§ **AIM OF THE TASK**
Repeat the full listing exactly.

§ **PROVIDED DATA**
........

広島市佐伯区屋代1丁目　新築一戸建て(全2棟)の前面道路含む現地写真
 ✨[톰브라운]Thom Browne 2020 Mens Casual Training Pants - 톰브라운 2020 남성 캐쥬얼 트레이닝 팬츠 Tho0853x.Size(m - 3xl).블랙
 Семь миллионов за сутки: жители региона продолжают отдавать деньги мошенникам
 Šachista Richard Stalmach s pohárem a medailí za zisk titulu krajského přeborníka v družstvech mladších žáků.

........

§ **WRITTEN SOLUTION**
広島市佐伯区屋代1丁目　新築一戸建て(全2棟)の前面道路含む現地写真
 ✨[톰브라운]Thom Browne 2020 Mens Casual Training Pants - 톰브라운 2020 남성 캐쥬얼 트레이닝 팬츠 Tho0853x.Size(m - 3xl).블랙
 Семь миллионов за сутки: жители региона продолжают отдавать деньги мошенникам
 Šachista Richard Stalmach s pohárem a medailí za zisk titulu krajského přeborníka v družstvech mladších žáků.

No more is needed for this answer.